# I need feedback on the religions I've created



## Ankari (Apr 11, 2012)

Hello folks, 

I'm new to this site but I like what I see so far.  I am currently building a world and would like your feedback on what I've created so far.  I am placing all my material online to set the stage for greater things.  Anyway, I need your help with the religions section of the site.  If you would like to look at the other sections please do so knowing that I will probably modify much of the material there as they are first drafts of a thought.  Please take a look at callofheroes.com - Home and go to the religions menu and give me your thoughts on what I've written.  As a note I do much of my writing late night so there will be tons of grammatical errors.  I've hired an editor to fix all those annoying errors.  I just need your help with the feel, the plausibility of the religions I've created.

Thanks!

Sean Warrad
callofheroes.com - Home


----------



## unwittytitle (Apr 11, 2012)

Unfortunately I’m in the process of crafting the cultures and religions in my own fantasy world and  I didn’t want your work to influence my own, so I only read one section.  However, that section on Boden was incredibly detailed and thorough.  

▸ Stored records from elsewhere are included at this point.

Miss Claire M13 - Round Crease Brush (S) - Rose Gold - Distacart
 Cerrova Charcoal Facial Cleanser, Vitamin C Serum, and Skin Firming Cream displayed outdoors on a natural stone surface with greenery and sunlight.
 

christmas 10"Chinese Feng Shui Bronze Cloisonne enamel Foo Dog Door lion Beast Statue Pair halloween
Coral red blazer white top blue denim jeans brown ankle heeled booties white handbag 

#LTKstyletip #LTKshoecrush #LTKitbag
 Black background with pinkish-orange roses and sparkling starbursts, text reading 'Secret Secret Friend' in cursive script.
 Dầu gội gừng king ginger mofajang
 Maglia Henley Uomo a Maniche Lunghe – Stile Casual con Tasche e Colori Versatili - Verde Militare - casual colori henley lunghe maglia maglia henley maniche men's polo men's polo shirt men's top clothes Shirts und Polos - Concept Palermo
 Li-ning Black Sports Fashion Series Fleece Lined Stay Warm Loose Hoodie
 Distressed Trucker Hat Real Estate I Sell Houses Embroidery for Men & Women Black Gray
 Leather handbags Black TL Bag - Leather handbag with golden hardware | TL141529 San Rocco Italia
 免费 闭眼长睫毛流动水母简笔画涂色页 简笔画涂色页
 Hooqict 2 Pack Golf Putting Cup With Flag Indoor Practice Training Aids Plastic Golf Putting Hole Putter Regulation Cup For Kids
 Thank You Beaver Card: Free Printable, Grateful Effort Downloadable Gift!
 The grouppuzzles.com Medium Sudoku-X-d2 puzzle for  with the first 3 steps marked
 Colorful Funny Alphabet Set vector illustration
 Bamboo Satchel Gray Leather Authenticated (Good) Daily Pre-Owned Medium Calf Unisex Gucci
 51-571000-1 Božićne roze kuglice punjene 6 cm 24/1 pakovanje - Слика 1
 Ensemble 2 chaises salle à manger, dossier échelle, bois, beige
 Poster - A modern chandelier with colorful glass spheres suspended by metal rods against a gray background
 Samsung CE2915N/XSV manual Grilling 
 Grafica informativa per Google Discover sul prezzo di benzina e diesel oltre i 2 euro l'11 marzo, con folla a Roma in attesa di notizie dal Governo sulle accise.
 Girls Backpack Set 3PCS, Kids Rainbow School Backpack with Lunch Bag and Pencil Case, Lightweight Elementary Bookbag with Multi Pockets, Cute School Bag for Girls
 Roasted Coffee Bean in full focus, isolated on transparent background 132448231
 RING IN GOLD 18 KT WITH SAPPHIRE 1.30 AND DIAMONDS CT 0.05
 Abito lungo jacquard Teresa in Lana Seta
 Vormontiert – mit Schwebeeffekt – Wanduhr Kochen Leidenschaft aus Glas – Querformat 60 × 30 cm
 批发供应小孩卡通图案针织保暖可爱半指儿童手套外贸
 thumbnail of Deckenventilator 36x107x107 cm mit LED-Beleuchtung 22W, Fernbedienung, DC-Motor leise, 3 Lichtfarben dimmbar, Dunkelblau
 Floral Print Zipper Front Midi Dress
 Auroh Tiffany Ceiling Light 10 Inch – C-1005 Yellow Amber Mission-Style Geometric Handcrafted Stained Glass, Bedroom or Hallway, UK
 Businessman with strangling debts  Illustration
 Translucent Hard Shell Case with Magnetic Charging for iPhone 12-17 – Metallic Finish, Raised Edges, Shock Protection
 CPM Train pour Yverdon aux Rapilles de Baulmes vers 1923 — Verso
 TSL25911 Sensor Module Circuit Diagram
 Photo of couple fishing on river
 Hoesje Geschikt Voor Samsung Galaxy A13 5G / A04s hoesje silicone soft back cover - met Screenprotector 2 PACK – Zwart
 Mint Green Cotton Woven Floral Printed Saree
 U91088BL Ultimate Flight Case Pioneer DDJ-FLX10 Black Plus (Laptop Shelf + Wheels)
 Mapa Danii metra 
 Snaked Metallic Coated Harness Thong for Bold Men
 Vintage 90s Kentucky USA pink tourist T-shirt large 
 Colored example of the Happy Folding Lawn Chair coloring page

I like how you have even thought about the language, noting that Boden translates into “faith”.  The actual mythology behind the religion is solid (even if it wasn’t that’s ok because many of our real world religions are riddled with holes and paradoxes).   Because it’s a religion that's focused on atonement the strictness fits well.  The Cutting ritual is a nice twist, however I’m unsure exactly how the marking of the special animal came about.  If it’s just a way to absolve their own guilt then I would ask why they didn’t just extent that sanctity to all animals and adopt a more nonviolent stance (a la Jainism).  But perhaps I’m just misreading the section.  Good work regardless


----------



## Ankari (Apr 11, 2012)

Thanks for reading it.  Someone else I know questioned the marking of the special animal.  The reason is to acknowledge the gift of Husbandry from the House of Light.  Since their ancestors ultimately chose the House of Night they feel the need to redeem themselves by acknowledging the gifts from the House of Light.  I may have to rethink how they would do this if enough people question this.

Thanks!


----------



## Queshire (Apr 11, 2012)

I'd help, but I'm too lazy to click the link to the other site. ^^ If you have specific concerns or questions then ask and I'll try to help to the bes of my ability, but I'm not about to go some place for a random infodump, sorry.


----------



## Centerfield97 (Apr 11, 2012)

Wow this is all very impressive.  I'll give it a more thorough read tonight!


----------



## Ankari (Apr 11, 2012)

Centerfield97 said:


> Wow this is all very impressive.  I'll give it a more thorough read tonight!



Very much appreciated.  I await your feedback.

Thanks!


----------



## Alex97 (Apr 11, 2012)

I only read a bit but I thought it was reallly good from what I've seen so far.  You can use the diversity between the different religions to build conflict politically or racially which might help the plot.


----------



## ThinkerX (Apr 12, 2012)

First thought:  I find the white on black style difficult to read.  Had to highlight each section.

Second thought:  Wow! Expansive and detailed.  Lots more effort expended here than what I see even from many pro authors.  Plenty of opportunity for conflict and alliance between differing religious factions...maybe too much, unless your intending at least a trilogy or a series of books, or several books set within this world.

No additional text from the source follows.